Furthermore, these selfish politicians are nothing compared to the young men; the political class of men and women have been selfish; they have wallowed in impunity and stolen public resources rather than sweated and toiled like real adult men and women. 

Moreover, when these great young men and woman politicians hang around these old dogs, they indeed get fleas. The old guard selfishly absorbs Their innocence, and their potential to be even greater men and women than they already are is stunted before it completely matures. It is, indeed, unfortunate. It is a great tragedy.

We want the Gambia of upright political men and women in all ways, as Thomas Sankara wanted for his country when he renamed Burkina Faso. We want a different breed of the political class, but they get burdened with the elders’ sins every time they start to rise. 

For now, until our hearts get broken again by the next young Gambian man who gives away so much of what he accomplished for so hopelessly little, I will remember the words of Ossie Davis about the great Malcolm X: “Malcolm X, even when he was wrong, was the rarest thing in the world among us Negroes: a true man.” 

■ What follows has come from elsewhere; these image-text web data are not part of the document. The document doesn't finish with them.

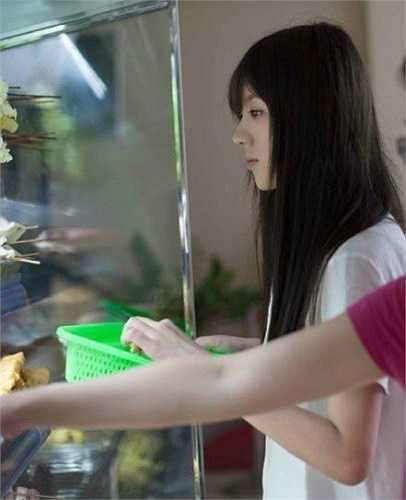 Mới đây, mạng xã hội Trung Quốc phát sốt trước loạt hình chụp một nữ sinh mặc áo sơ mi trắng ở căng-tin trường học. Nữ sinh có làn da trắng ngần, vóc dáng mảnh mai, tóc đen dài dịu dàng khiến nhiều nam sinh điêu đứng.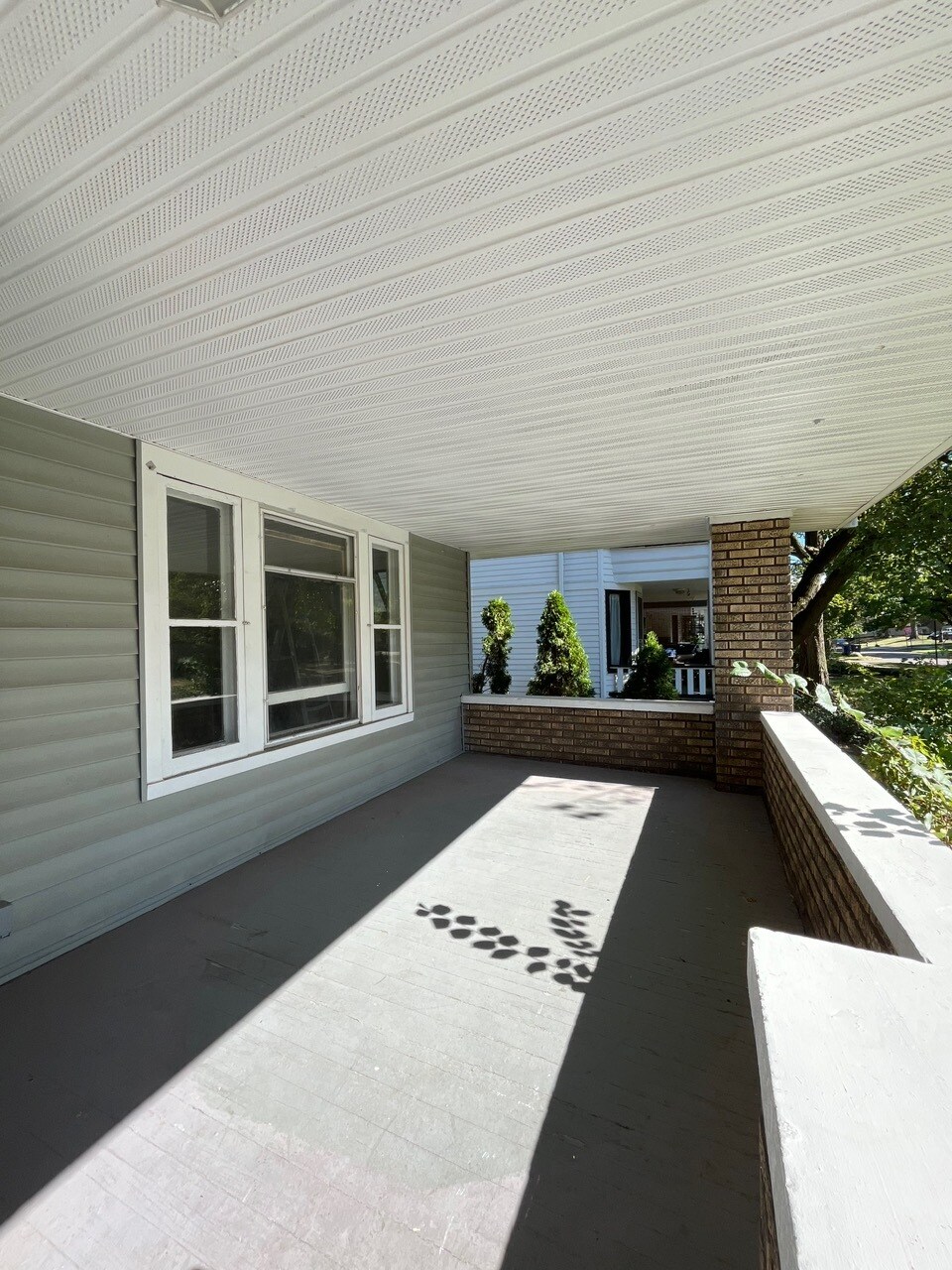 Building Photo - 2683 Hampshire Rd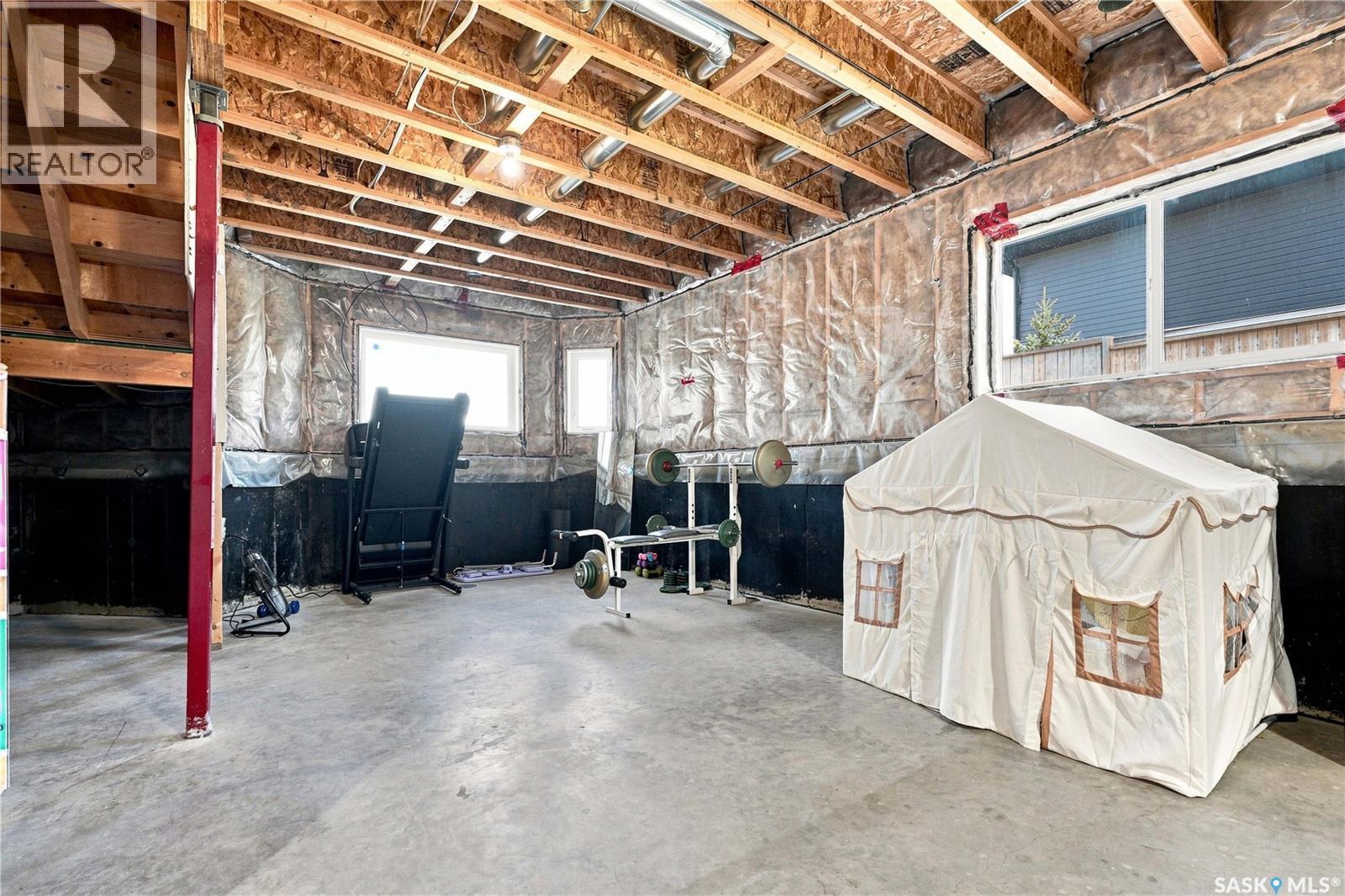 104 Mcdonald Street, Aberdeen, SK - Indoor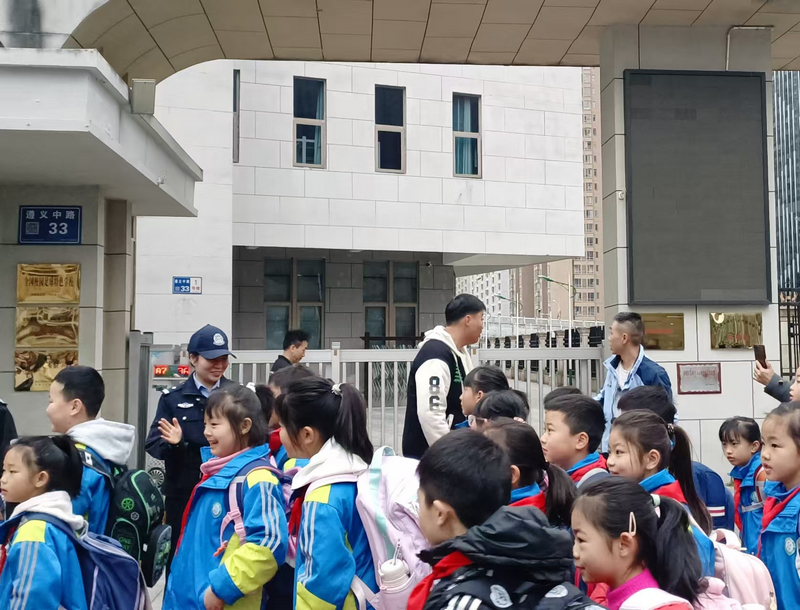 五裡沖派出所民警王茜在花果園第二小學護學。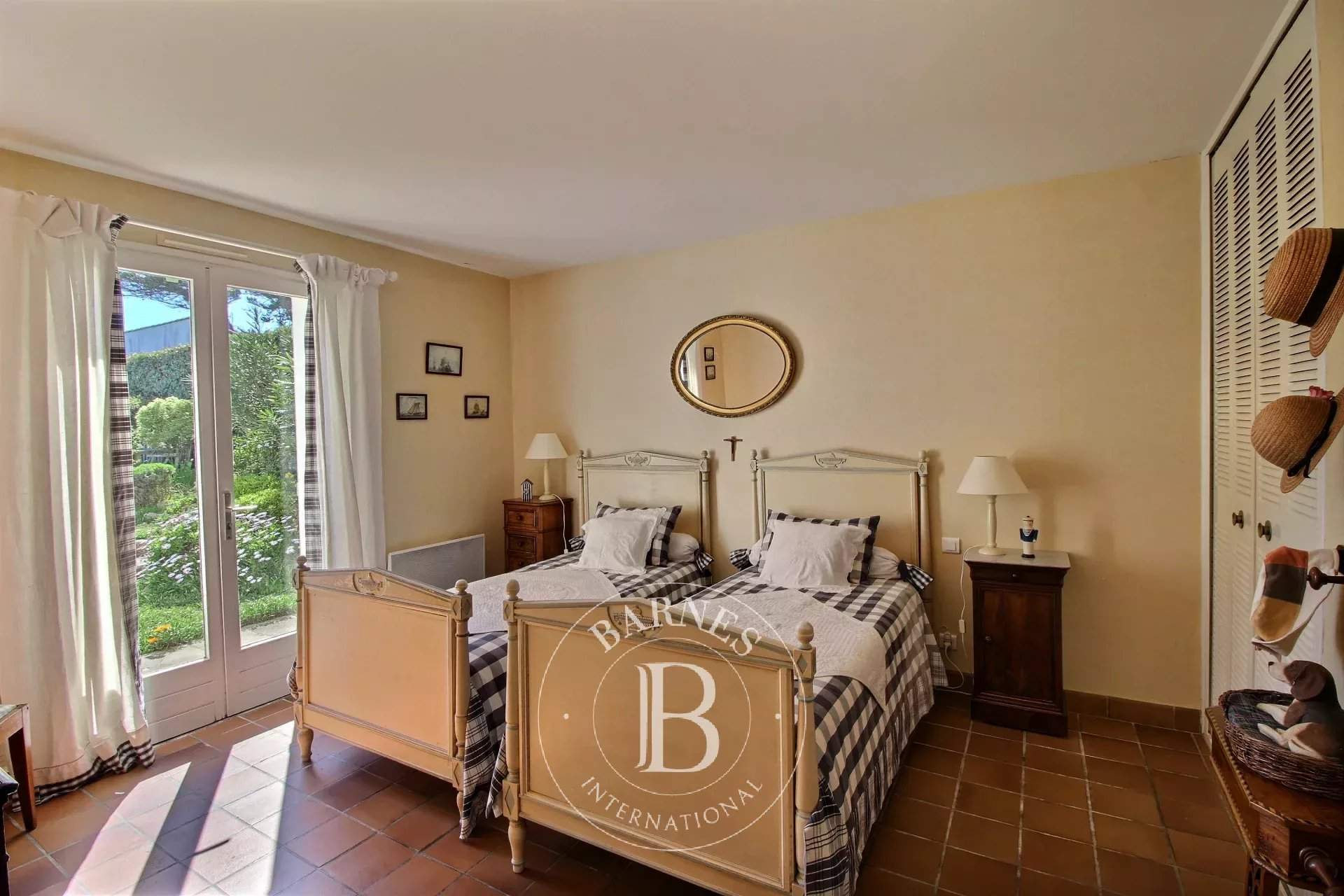 Sainte-Marie-de-Ré  - Maison 5 Pi&egrave;ces 3 Chambres - picture 5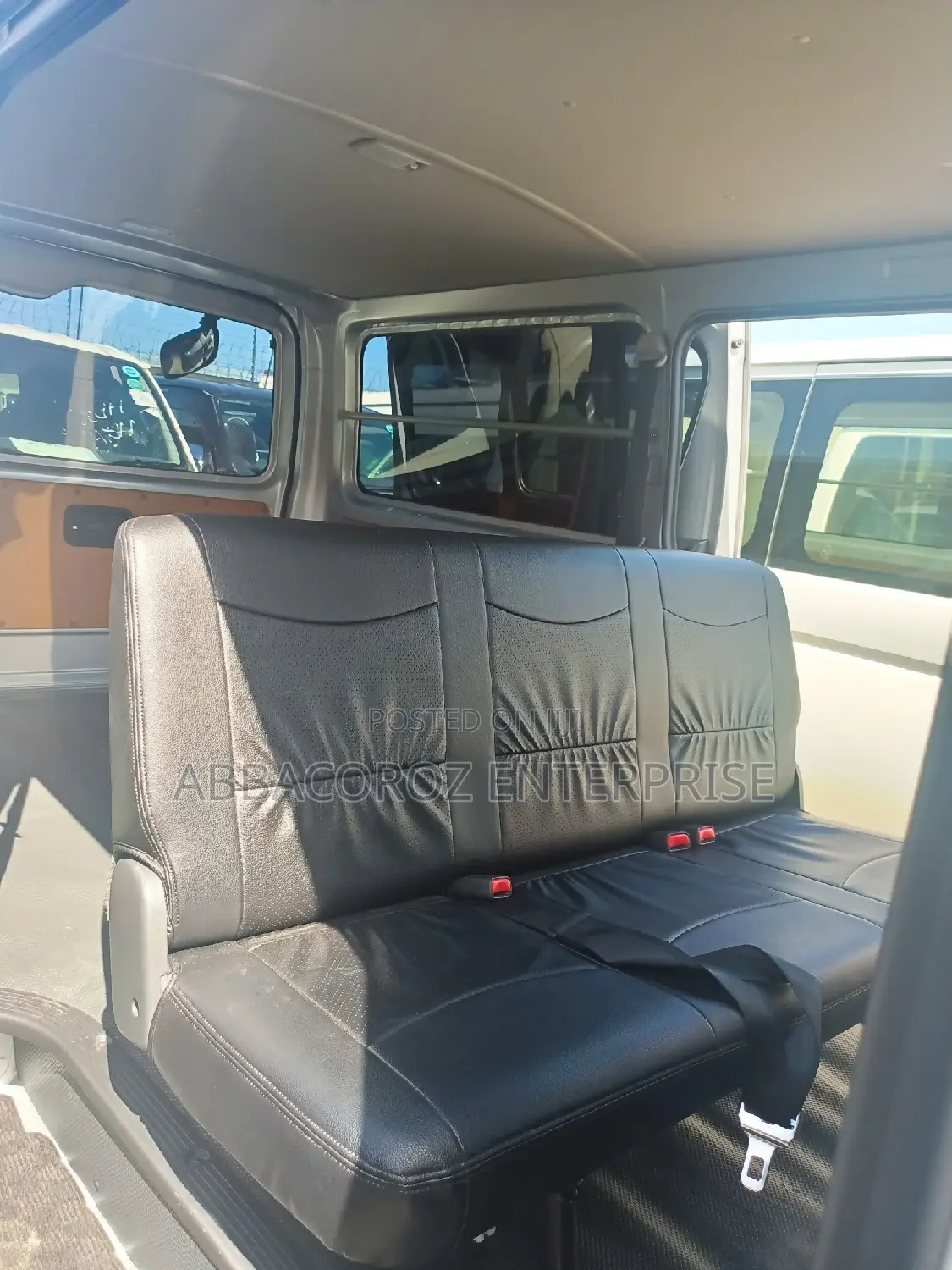 Toyota HiAce 2015 Silver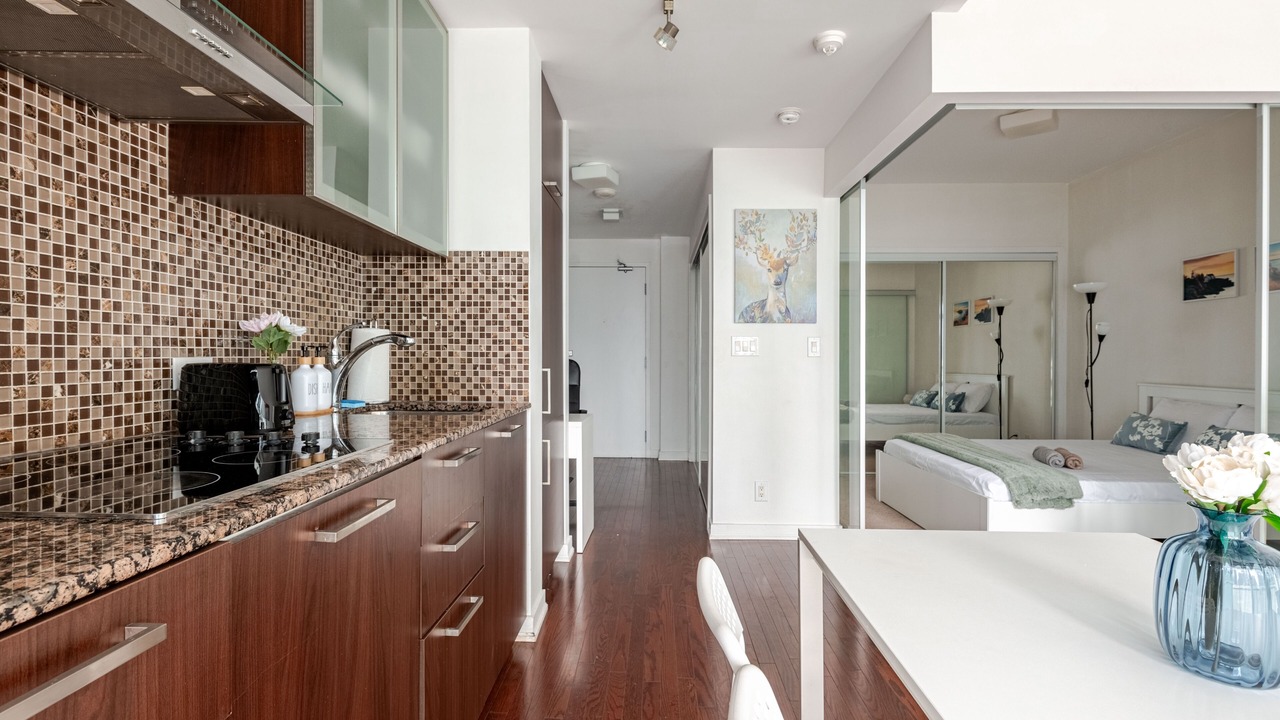Photo of Bedroom in Toronto Entertainment District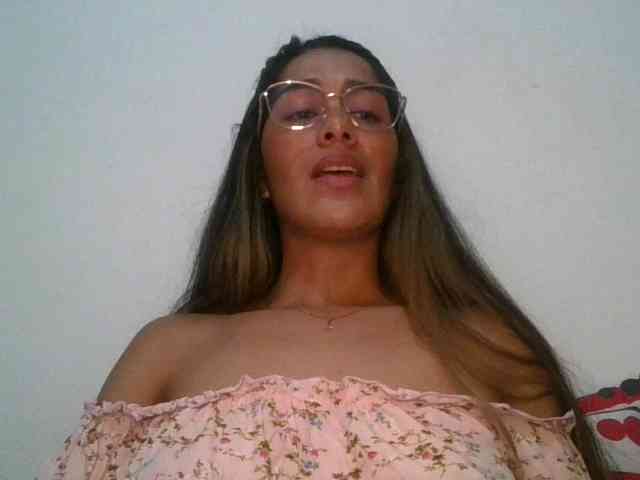 JuanaBrunette webcam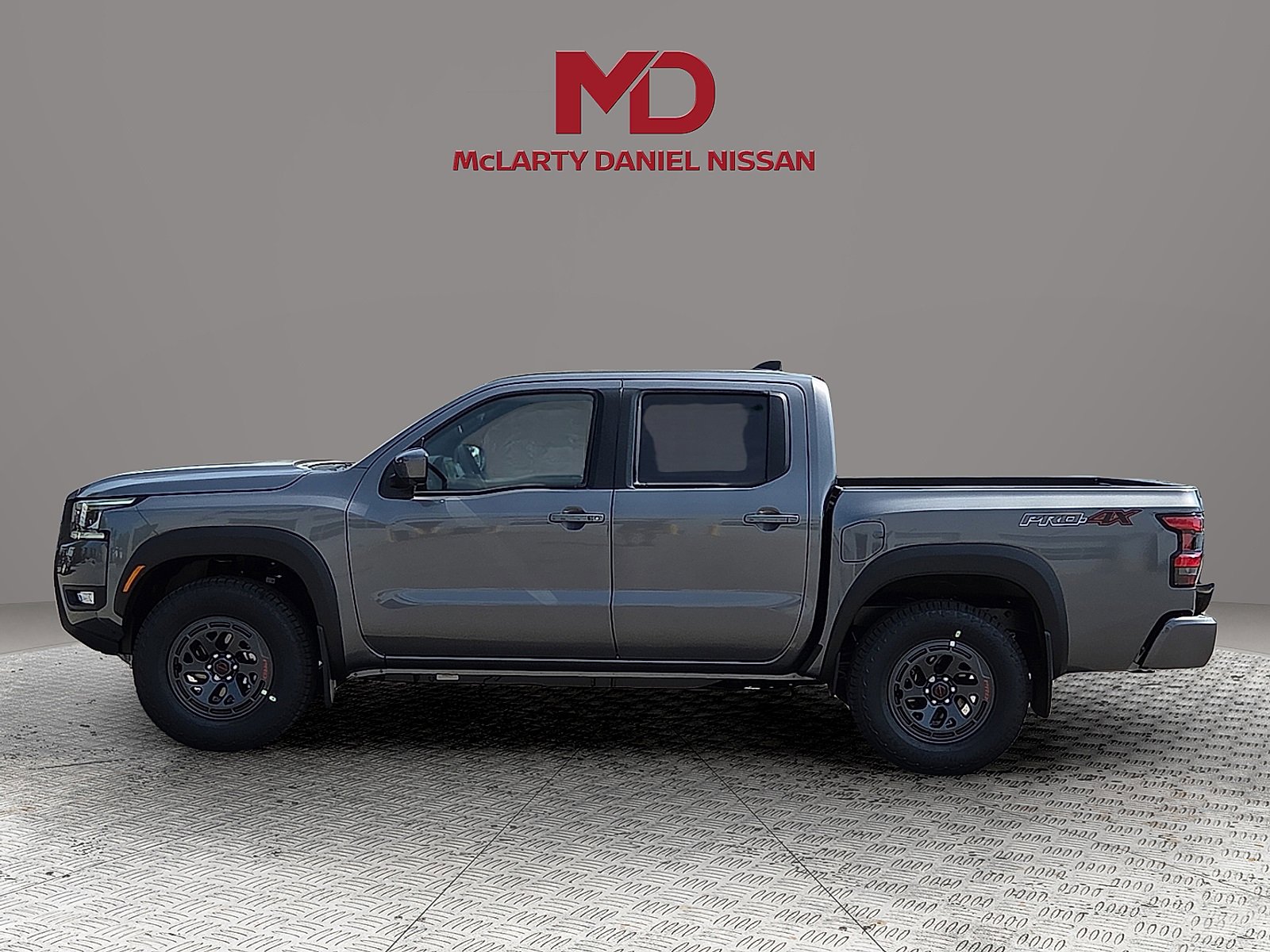 New 2026 Nissan Frontier PRO-4X w/ Pro-4x Convenience Package image 3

The Gambia needs true men and women in leadership, and this goal is proving harder to reach than we thought.

Pray, shouldn’t a national assembly be a rational assembly, and a national ensemble of men and women of character, honor, dignity, decency, good conscience, and patriotism chorusing the anthem for national development and progress?

I thought I would not be shocked anymore by the conduct of our very distinguished and honorable members of the house of representatives. How wrong I was.